We estimated current smoking prevalence, and work and life stress status among rural–urban migrants, and identified sociodemographic, migratory, and stress correlates of current smoking. At 64.9% (95% CI: 62.4-67.2%), the current smoking prevalence is significantly higher than the estimate for a national male sample, which was based on data from the Global Adult Tobacco Survey (GATS) (52.1%, 95% CI: 49.7-54.5%)[2]. One of our previous studies showed that smoking prevalence increased among rural–urban migrants after they moved to the city [6]. In our current study, we estimated that 19.5% of rural–urban migrants had high life stress and 21.6% high work stress. We found no previous studies on work and life stress for this population that utilized standard methods of measurement. However, a number of studies showed a high prevalence of stress and mental health problems among Chinese rural–urban migrants [7,8,20,22]. In another of our studies, we found high stress among rural–urban migrants, with the mean CPSS score being 26.4 (95% CI: 26.2–26.60), as compared to 23.8 (95% CI: 23.5–24.1) for male urban residents and 24.8 (95% CI: 24.7–25.0) for rural counterparts [23,24]. Collectively, these findings point to excess prevalence of smoking and stress among rural–urban migrants, and in the process reveal a very important and interconnected social and public health issue.

Addressing a gap in the literature, our exploratory study examines associations between both perceived work stress and life stress with current smoking among the Chinese rural–urban migrant population. Based on running two alternative models, Models 1 and 2, we found that migrants with high work stress had 1.75 times the likelihood of being current smokers as those with low work stress, and the corresponding likelihood for life stress was 1.45 times.
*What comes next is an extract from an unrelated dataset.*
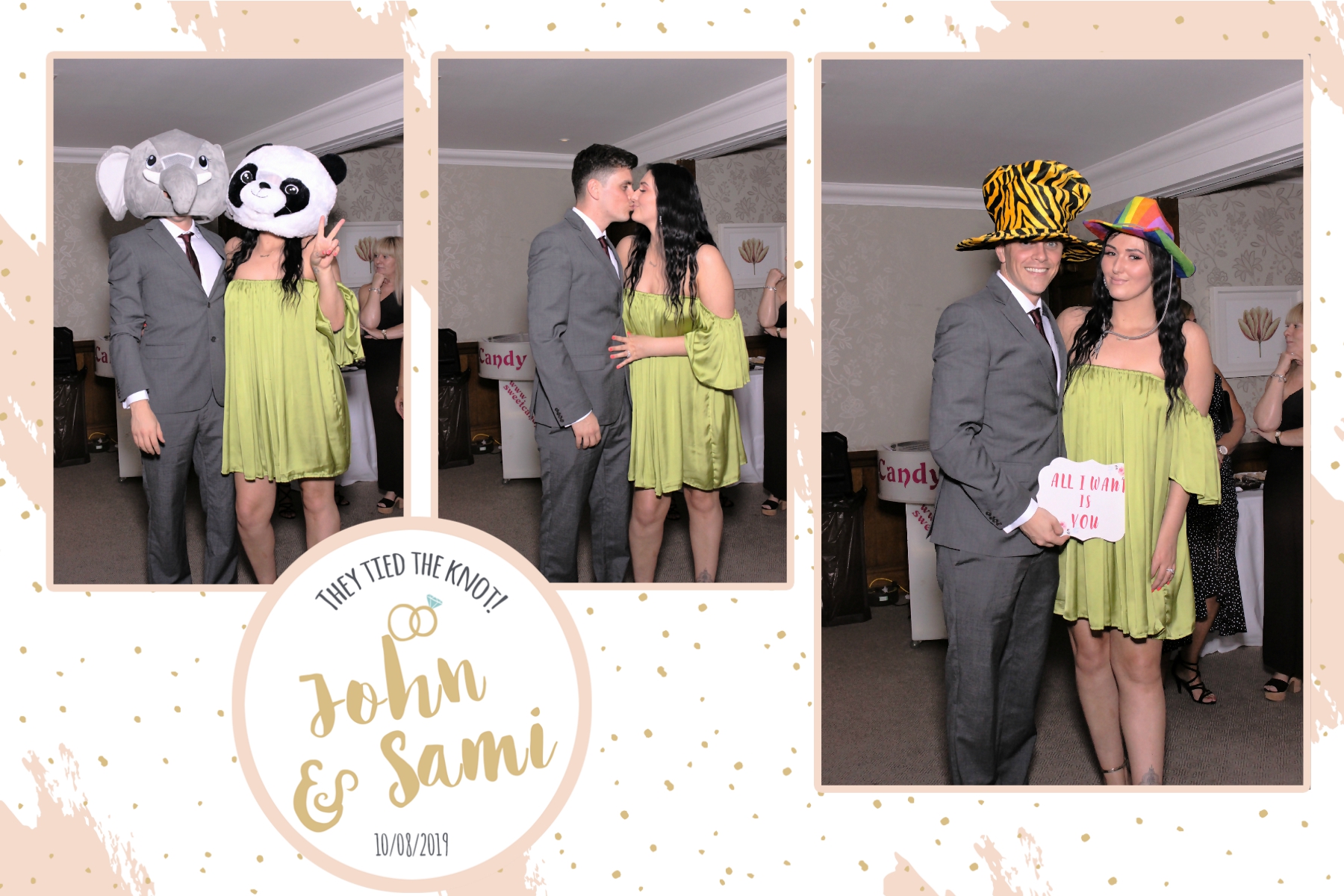 John and Sami | View more photos from the event at gallery.blissbooth.co.uk/u/BlissBooth/John-and-Sami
These preliminary findings are consistent with those from other studies, which report that high levels of stress from multiple stressors may increase the likelihood of tobacco consumption [6,9-13,16,18,19]. Our findings, in concert with comparative data from previously documented studies, suggest a special need to ameliorate stress among the migrants, since they show both an excess of high stress and smoking behavior relative to urban residents [2,24]. For this reason, the Central government should consider changing the current policy on the household registration system, so as to guarantee the migrants the same legal rights of citizenship at the urban destination as local residents. Only through elimination of this major impediment to equality will there be improvement in the working and living conditions of these migrants.

Our study found that 25% of rural–urban migrants reported that low pay was a source of high work stress, the largest percentage among the items that we employed in measuring that variable. These migrants perform arduous work that yields low economic returns. Indeed, this effort-reward imbalance generates high stress levels, which in turn are conducive to smoking [25]. However, low pay likely induces high work stress, independent of migrant status, and indeed other studies have shown that high effort-low reward relationships promote smoking [19,26].

In the presence of the perceived life stress variable, perceived work stress did not show an association with current smoking among rural–urban migrants (Model 1). It did in its absence (Model 2). This finding implies that there is a major overlap in the two stress concepts, or at least in the way that we operationalized them. Our future research will need to consider stress-smoking relationships in terms of separate and joint contributions from the respective items constituting our perceived stress measures. Analytic longitudinal research will be essential for appropriately evaluating the absolute and relative importance of life stress and work stress as determinants of smoking behavior, within the context of the migration experience.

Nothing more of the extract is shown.